Surveillance video released Tuesday shows a Michigan teenager being forcefully restrained by at least seven staff members in a youth facility before his death days later.
Detroit-area attorney Geoffrey Fieger released footage showing 16-year-old Cornelius Fredericks being pushed and held down by staff members at the Lakeside Academy in Kalamazoo after he threw a sandwich in the cafeteria.
Fieger is representing Fredericks’s family in a civil lawsuit that alleges, among other things, that the teenager screamed “I can’t breathe” as he was being restrained for about eight minutes on April 29. Fredericks went into cardiac arrest when being detained and died on May 1, the Associated Press reported Tuesday.

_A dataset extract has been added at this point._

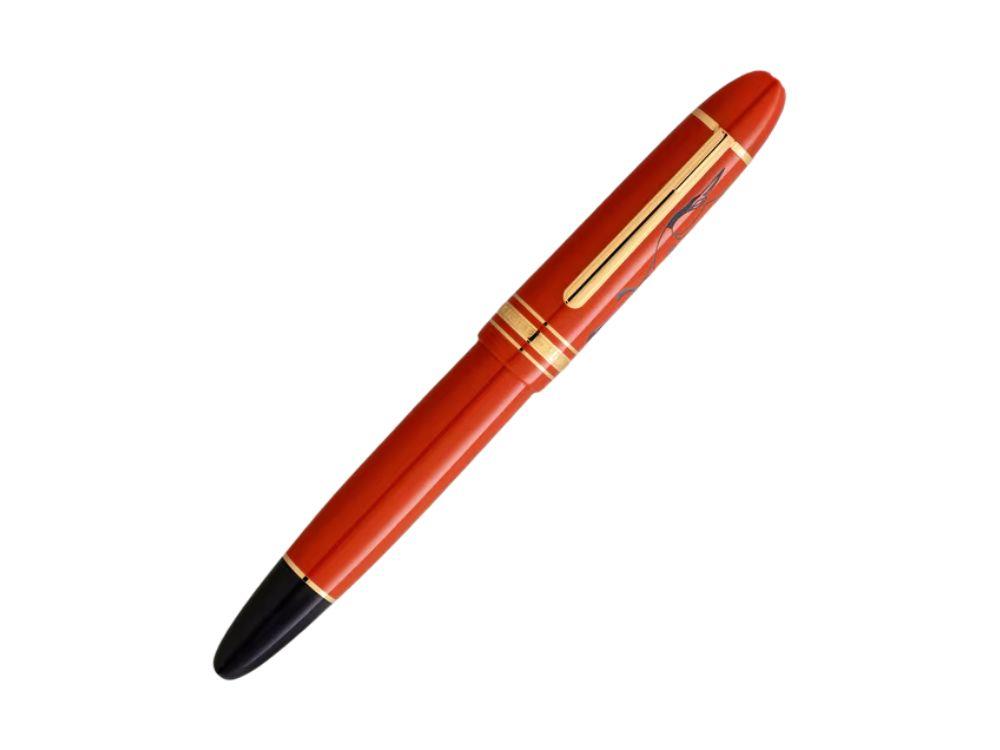 Set Pluma Montblanc High Artistry A Tribute to Craftsmanship LE 1994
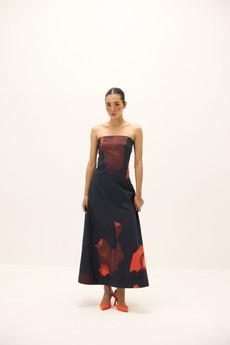 Suzanna Dress via Bhoomi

The attorney said during a press call that he received the partial video from the state of Michigan’s Attorney General’s Office. But Fieger said parts of the video were missing.
The footage, which does not include sound, shows several men holding down Fredericks’s arms and legs while others sit on his chest and abdomen. At one point, staff members attempt to sit Fredericks up before he slumps over, and then others begin CPR.
“It is a horrific videotape and it demonstrates what other employees have told us is a culture of fear and abuse at the Lakeside facility,” Fieger said.
“The mechanism for dealing with children in this facility was abuse and fear,” he added. “In fact, suffocation was regularly practiced upon children. They called it ‘fearing.’”
Fredericks’s death was ruled a homicide, and the doctor who conducted the autopsy said he died from asphyxiation, according to the AP.
Two staffers, Michael Mosley and Zachary Solis, and a nurse, Heather McLogan, have been fired and charged with involuntary manslaughter and second-degree child abuse. The charges came eight weeks after Fredericks’s death, The Detroit News reported. Solis and Mosley also face homicide charges.
“Three of the perpetrators have been charged,” Fieger said. “You will see on the videotape that far more people were involved in this killing, and I’m calling on the county’s prosecutor to charge those additional people.”
The teenager’s family is suing Lakeside and its operator, Sequel Youth and Family Services, for $100 million over alleged negligence, according to The Detroit News.
Fredericks became the state’s responsibility after his mother died when his father was incarcerated.
The Michigan Department of Health and Human Services had contracted with Lakeside Academy to care for youth in foster care or the juvenile justice system but ended its contracts with the academy last month. The 125 youth being housed at the facility were relocated.